Not really certain. Three general trends:
First,
Generally I'm dealing with outcastes, ie adventurers so they don't have many hard and fast rules in the first place. There may be more male fighters and more female thieves, but gender certainly doesn't give you a social advantage when you are all more or less at the bottom of the heap.
Specifics:
Of the two most important societies:
Enlightenment Matters. You are or you aren't, genders got nothing to do with it.
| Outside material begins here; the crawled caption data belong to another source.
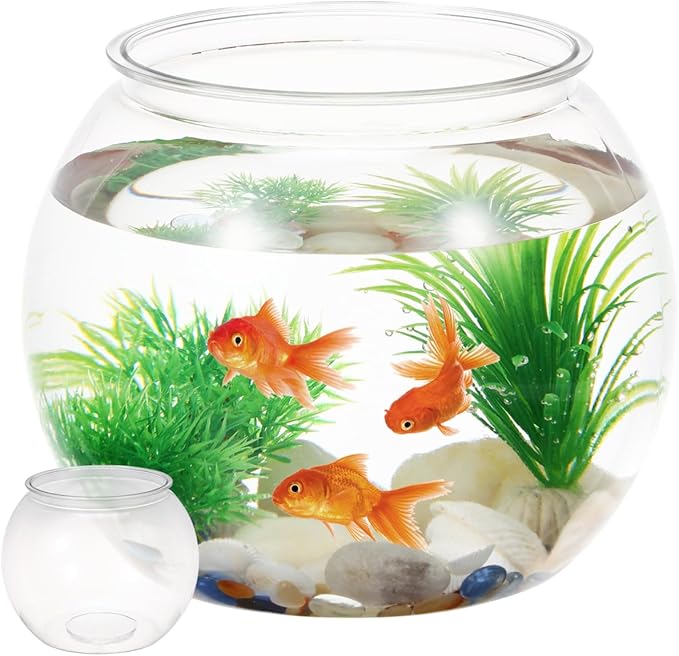 Abaodam 8.66 Inch Round Desktop Fish Tank Small Clear Plastic Fish Bowl Aquarium for Betta and Aquatic Plants Home Office Garden Decoration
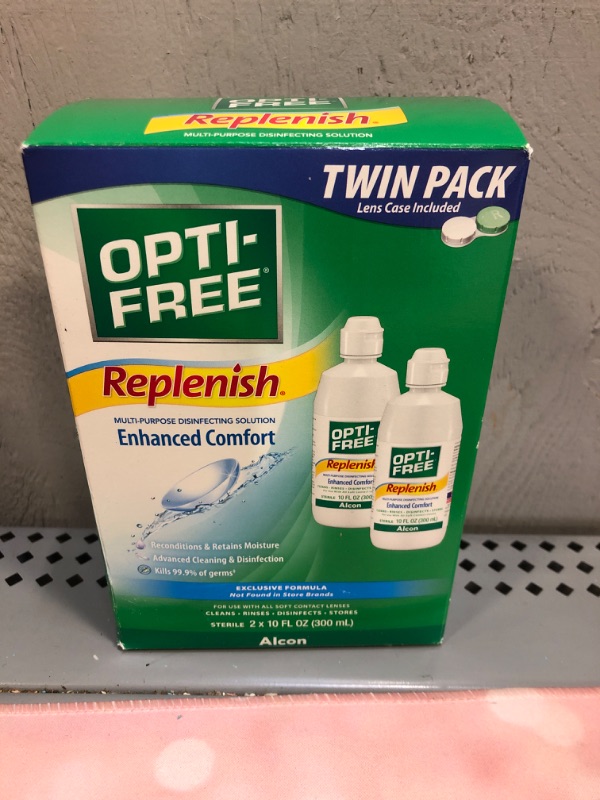 Photo 1 of exp --11-30-2025------Opti-Free Replenish Multi-Purpose Disinfecting Solution with Lens Case, Twin Pack, 10-Fluid Ounces Each - 2 Count(Pack of 1)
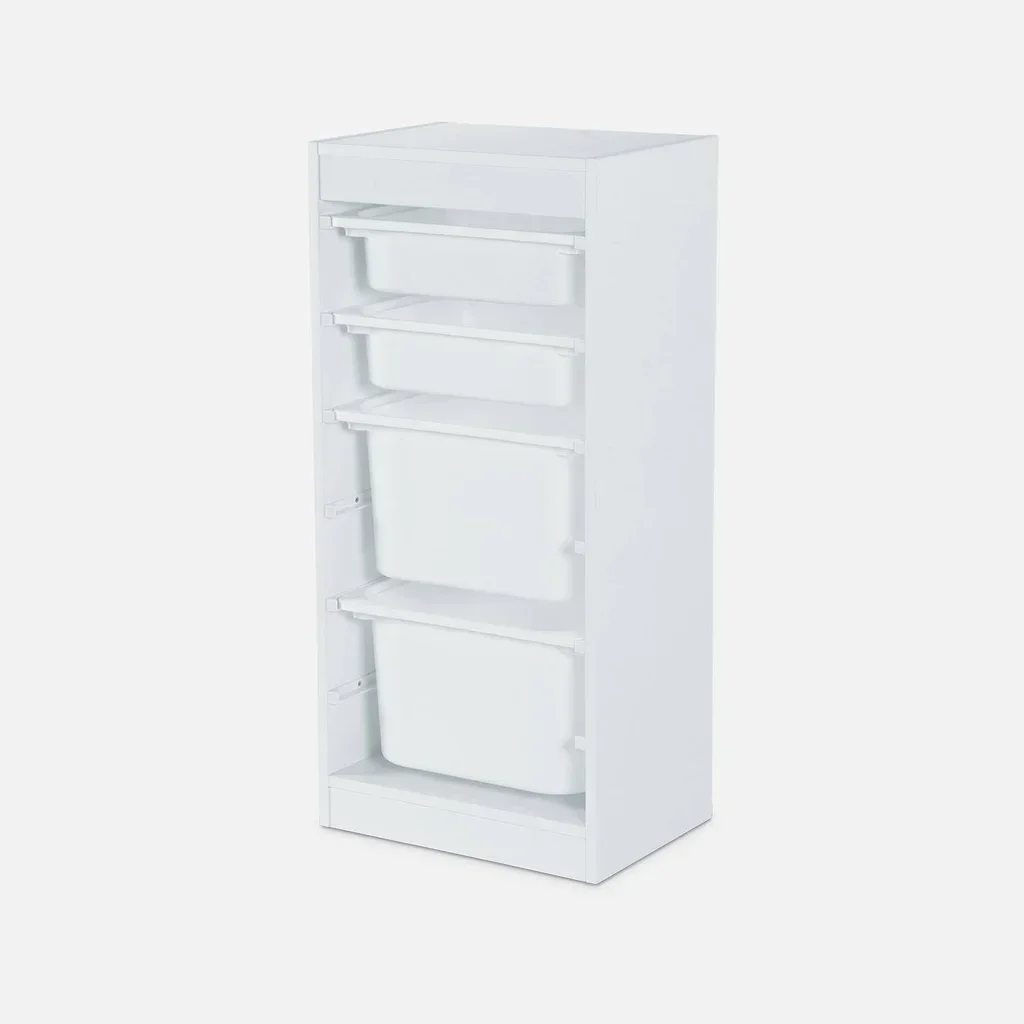 Meuble rangement enfant 4 casiers jouets livres plastique amovible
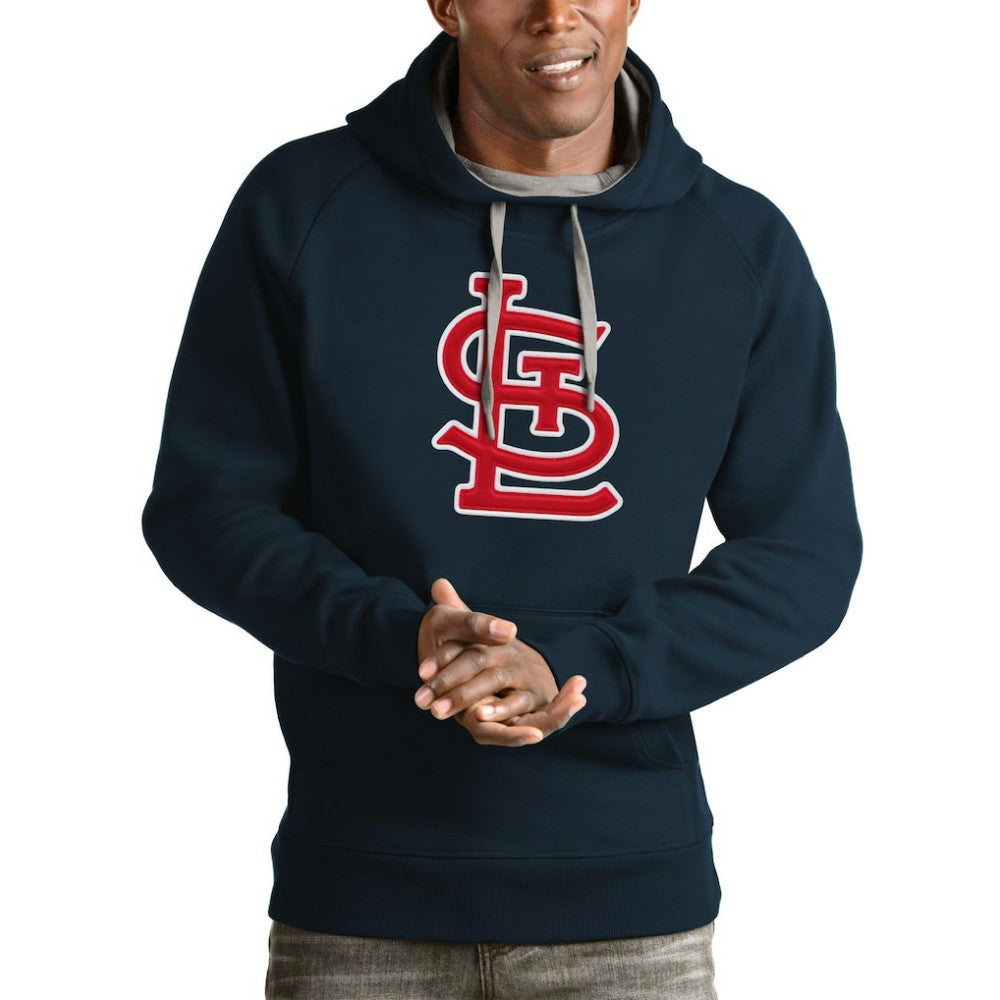St. Louis Cardinals Antigua Victory Pullover Team Logo Hoodie Navy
One relied on a more or less academic system. There were people who had attained the highest state of enlightenment and everyone was organized underneath them. You were a part of one of these mega households, your status depended on a mix of your universally recognized accomplishments and the whims of the household head. Getting to that state of enlightenment really had no correlation to gender, save that women live longer and therefore had the ability to hold households for longer. When you're head of household died you might have some means to pass to a successor, but if you really had no place to go within the system you still weren't in bad shape since being a member of a household gives you a lot of status. You can get a position with another one, set yourself up as an independent, or go to another society. At the top romance is really seen as nothing too get upset about, and at the bottom it's seen as everything from a means of advancement to a distraction. Children are viewed as a very very important communal affair, as you never know who might be the next enlightened one on the one hand and on the other nobody wants to have an individual set of parents have to close a relationship to one of them either.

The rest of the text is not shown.